-- INFORMATION SHOWN follows --
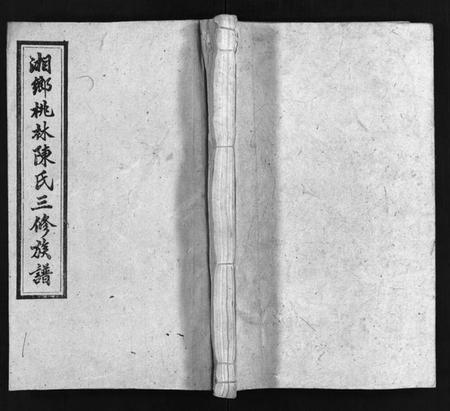 湖南陈氏族谱-湘乡桃林陈氏三修族谱 [16卷,首4卷,末1卷].pdf电子版缩略图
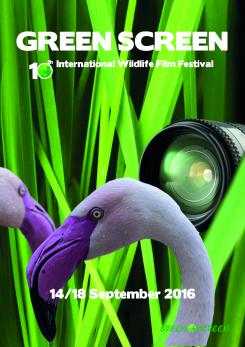 Print ad # 588563 for Poster contest: Wildlife Film Festival contest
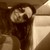 :iconiviromero:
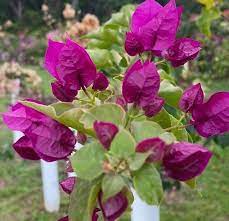 Dark One Bougainvillea flower plant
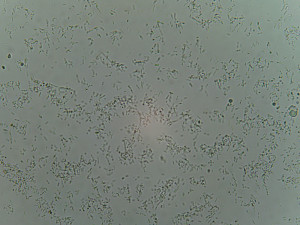 Bimam_Achro40x_BF__26-04-24.jpg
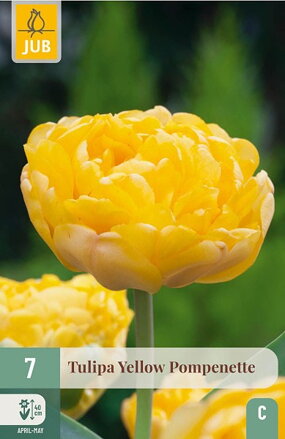 Plný  tulipán - Yellow Pomponette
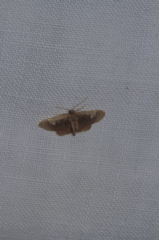 Eulepidotinae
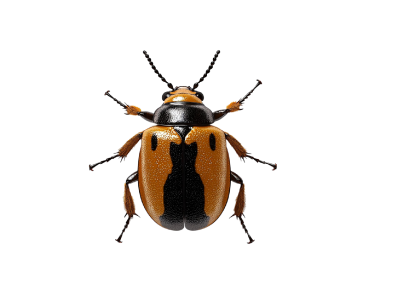 Carpet-Beetle-Control-Service-400x300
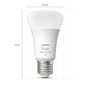 Philips Hue Kit de démarrage White & Color Ambiance avec 3 ampoules E27 et télécommande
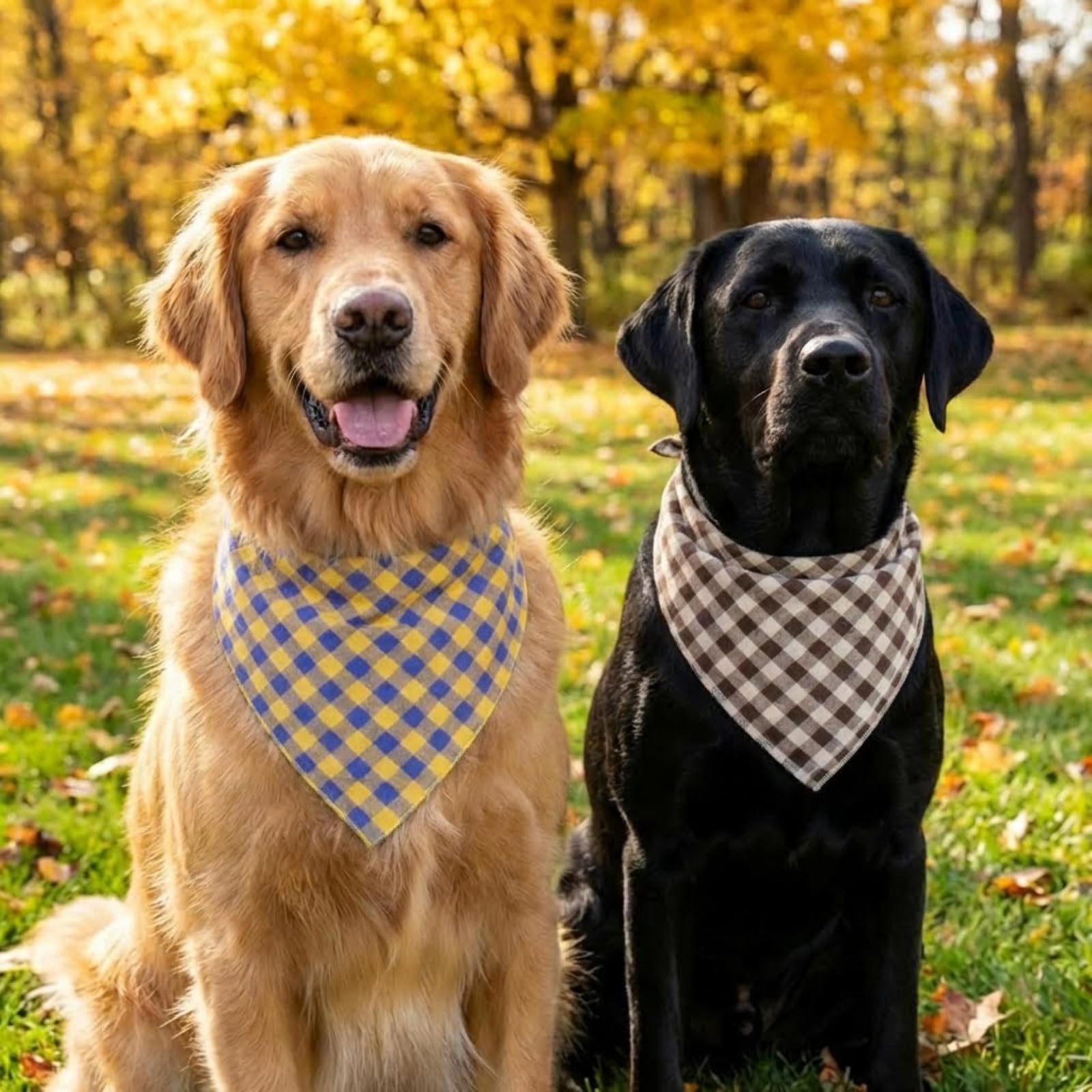 Cotton Linen Dog Bandana 1 Pack. Chosen for real quality, fits naturally into modern pet homes.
-- INFORMATION SHOWN concluded --
* DIRECTIONS:
Excluding the pictures, reproduce every entry exactly as given.

* TASK ANSWER:
 湖南陈氏族谱-湘乡桃林陈氏三修族谱 [16卷,首4卷,末1卷].pdf电子版缩略图
 Print ad # 588563 for Poster contest: Wildlife Film Festival contest
 :iconiviromero:
 Dark One Bougainvillea flower plant
 Bimam_Achro40x_BF__26-04-24.jpg
 Plný  tulipán - Yellow Pomponette
 Eulepidotinae
 Carpet-Beetle-Control-Service-400x300
 Philips Hue Kit de démarrage White & Color Ambiance avec 3 ampoules E27 et télécommande
 Cotton Linen Dog Bandana 1 Pack. Chosen for real quality, fits naturally into modern pet homes.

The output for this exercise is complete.